Galactosidase alpha is an enzyme that in humans is encoded by the GLA gene.

Pathogenic mutations in the GLA gene impair the synthesis, folding, or stability of lysosomal α‑galactosidase A, leading to Fabry disease, an X‑linked lysosomal storage disorder characterized by deficient degradation and lysosomal accumulation of glycosphingolipids such as globotriaosylceramide.

Two recombinant forms of human α-galactosidase A, encoded by the human GLA gene, are called agalsidase alpha (INN) and agalsidase beta (INN), and are used as enzyme replacement therapy for Fabry disease.

== Structure ==

α‑Galactosidase is a lysosomal glycoprotein that functions as a homodimer, with each monomer organized into two main domains.
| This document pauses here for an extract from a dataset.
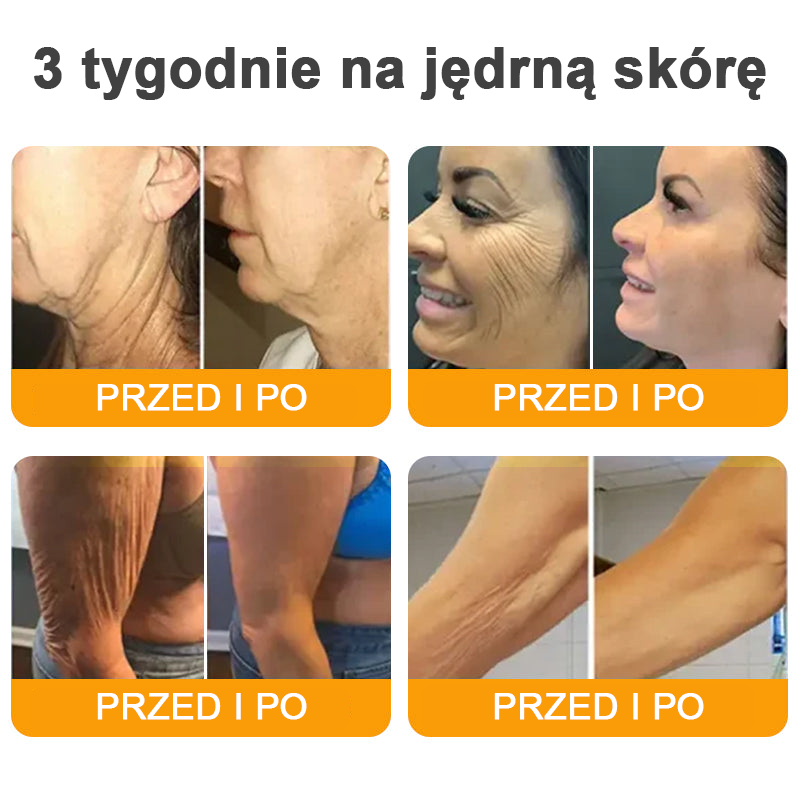 VLSVLS® Krem z jadem pszczelim do regeneracji skóry (👨⚕ odpowiedni dla wszystkich grup wiekowych, polecany przez AAD) 🌟
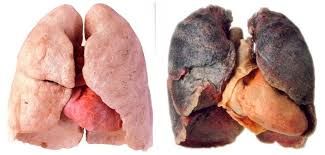 20201208103104lungs2.jpg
The N‑terminal domain adopts a classic TIM barrel fold that contains the active site, including two conserved acidic residues that act as the catalytic nucleophile and general acid-base in the reaction. The C‑terminal domain forms an antiparallel β‑sandwich that contributes to overall stability, dimerization, and correct positioning of the active site. In the human lysosomal isoform α‑galactosidase A, this architecture is further stabilized by disulfide bonds and N‑linked glycans, which are important for proper folding, trafficking, and lysosomal targeting.

== Function ==

α‑Galactosidase is an exoglycosidase that hydrolyses terminal α‑D‑galactosyl residues from a variety of substrates, including glycolipids, glycoproteins, and oligosaccharides such as raffinose, stachyose, and melibiose. In humans, α‑galactosidase A cleaves α‑galactosyl groups from neutral glycosphingolipids, most notably globotriaosylceramide (Gb3), within lysosomes, thereby contributing to the normal turnover of membrane lipids. Deficiency of lysosomal α‑galactosidase A activity due to pathogenic variants in the GLA gene leads to progressive accumulation of Gb3 and related lipids in multiple cell types, causing Fabry disease, a lysosomal storage disorder.
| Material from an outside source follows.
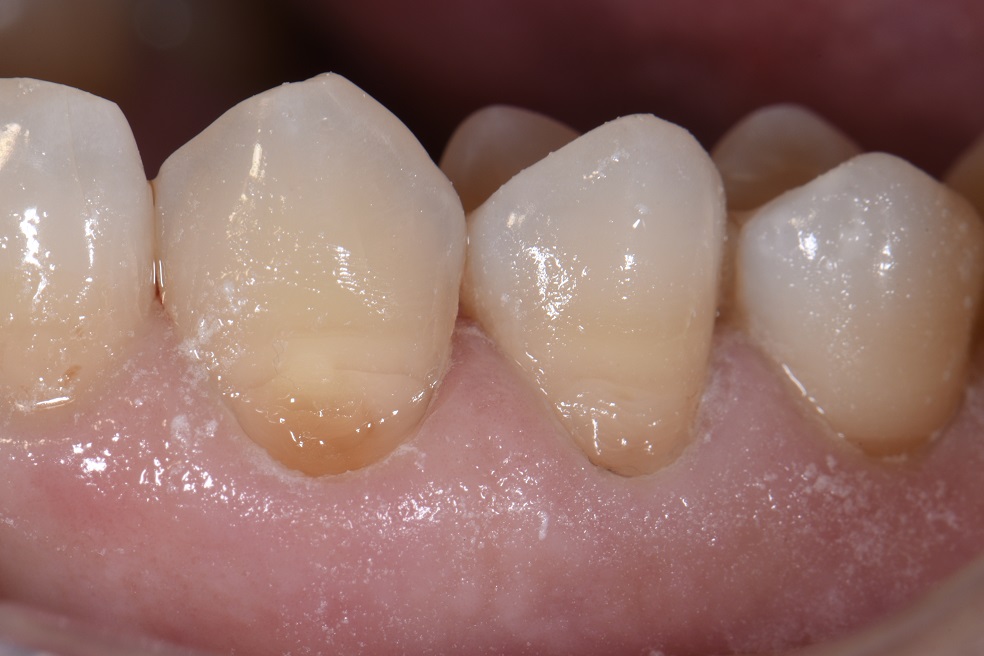 class-v-seamless-bonded-restorations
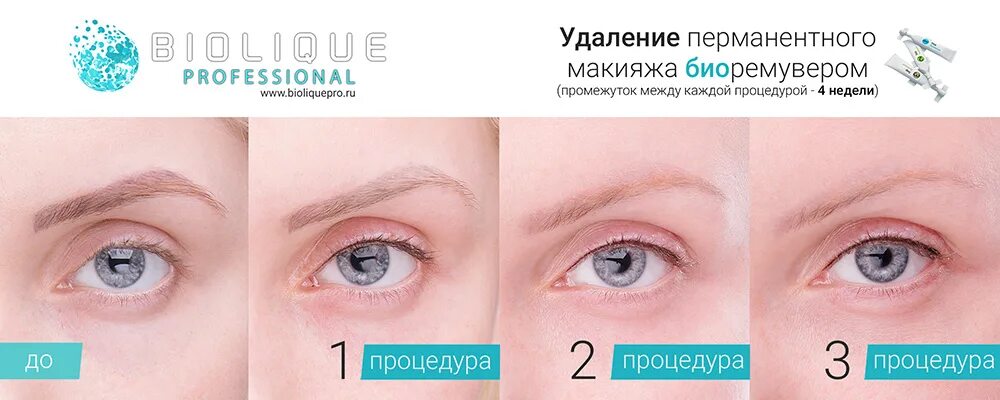 удаленный татуаж бровей ремувером. ремувер отзывы брови. ремувер для бровей. брови после лазера. тинель пигменты ремувер.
== Clinical significance ==

=== Fabry disease ===

Globotriaosylceramide structure

Defects in human α-galactosidase A (α-GAL), encoded by the GLA gene, cause Fabry disease, a rare lysosomal storage disorder and sphingolipidosis resulting from impaired catabolism of α-D-galactosyl glycolipids. Loss or reduction of α-GAL activity leads to accumulation of globotriaosylceramide within lysosomes of vascular endothelial cells and tissues including the kidney, heart, and nervous system. This accumulation underlies the multisystem manifestations of the disease, including acroparesthesia, angiokeratoma, hypohidrosis, corneal opacity, gastrointestinal disturbances, hearing loss, and tinnitus, and may progress to life-threatening complications such as renal failure, myocardial infarction, and stroke.
Fabry disease is inherited in an X-linked manner and affects approximately 1 in 40,000 males, although heterozygous females may also develop significant clinical manifestations, particularly involving the heart and kidneys, with variable penetrance.
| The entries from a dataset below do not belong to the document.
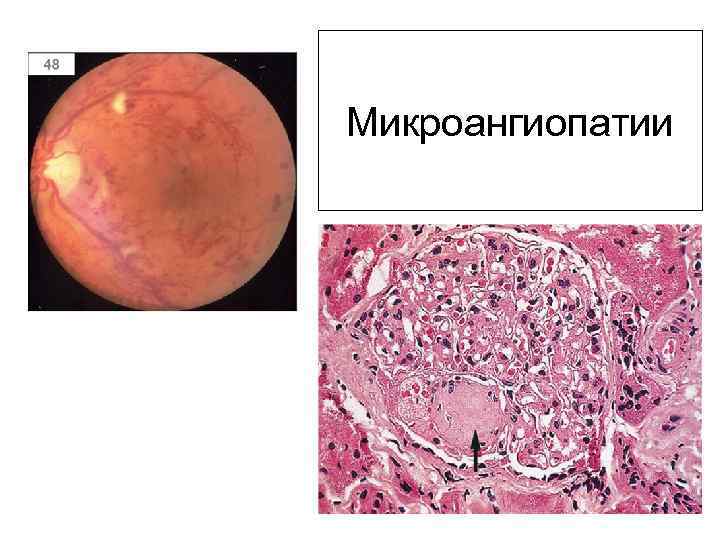 Микроангиопатии 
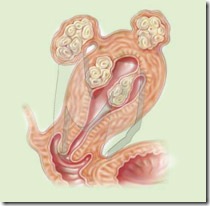 uterine_fibroids uterine_fibroids
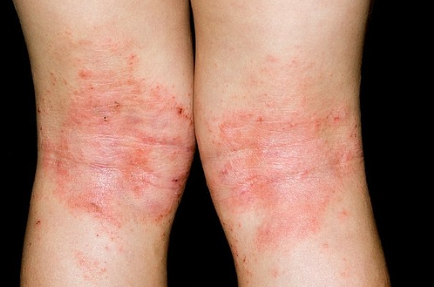 겨울철 아토피 관리법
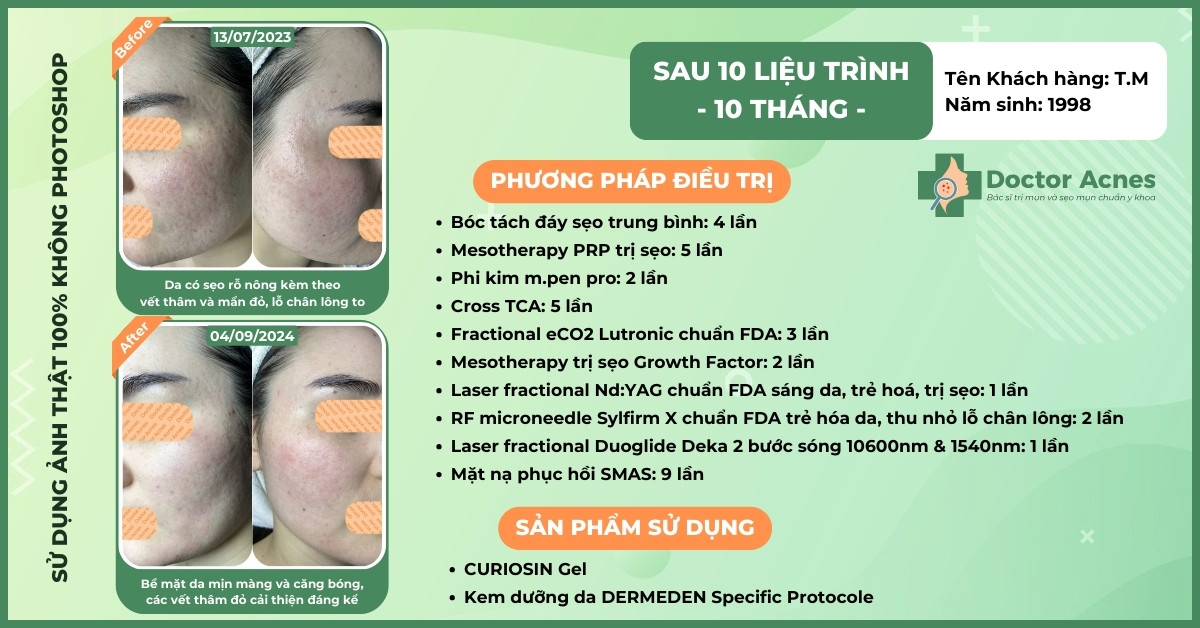 ca lâm sàng trị sẹo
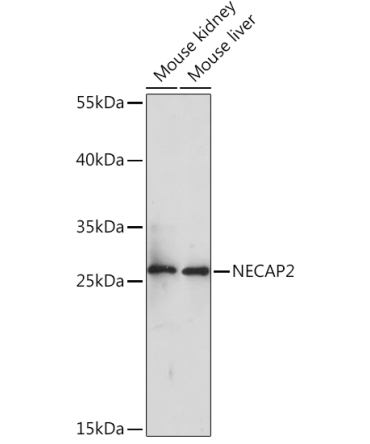 NECAP2 Rabbit Polyclonal Antibody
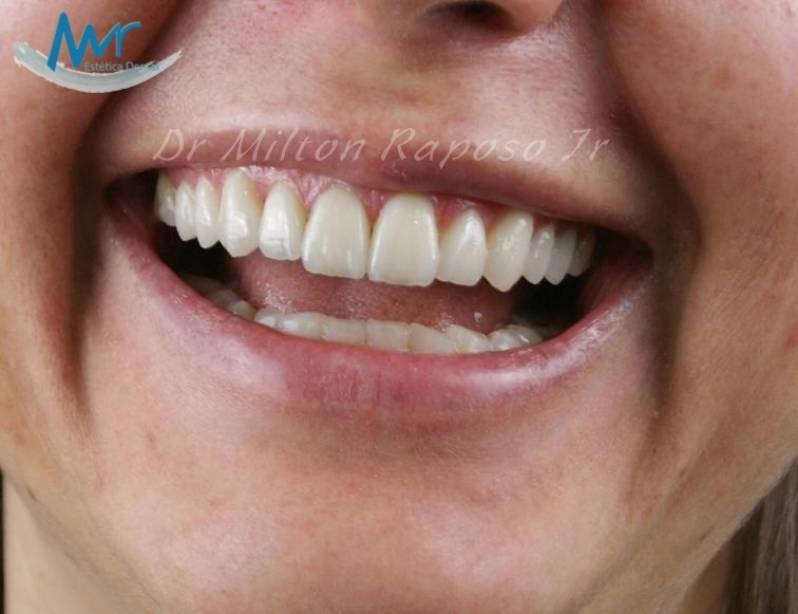 Lente de Contato Dentária na Vila Anastácio - Lente de Contato Odontológica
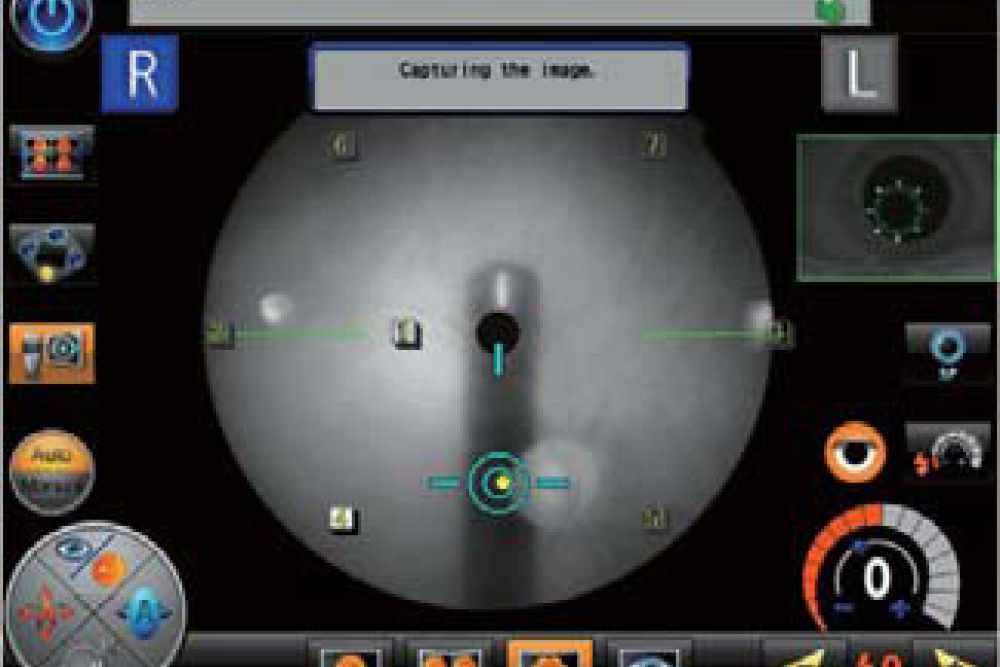 Navigation of Panorama Photo - Nidek AFC 330 Fundus Camera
Available treatments for Fabry disease include enzyme replacement therapy (ERT), pharmacological chaperone therapy, and supportive organ-specific management. Recombinant ERT with agalsidase α or β, approved in the early 2000s, aims to restore α-galactosidase A activity and reduce substrate accumulation, although many patients develop IgG antibodies to the infused enzyme. Pharmacological chaperone therapy represents an alternative approach, particularly for certain mutant forms, by stabilizing misfolded α-GAL and enhancing its lysosomal activity.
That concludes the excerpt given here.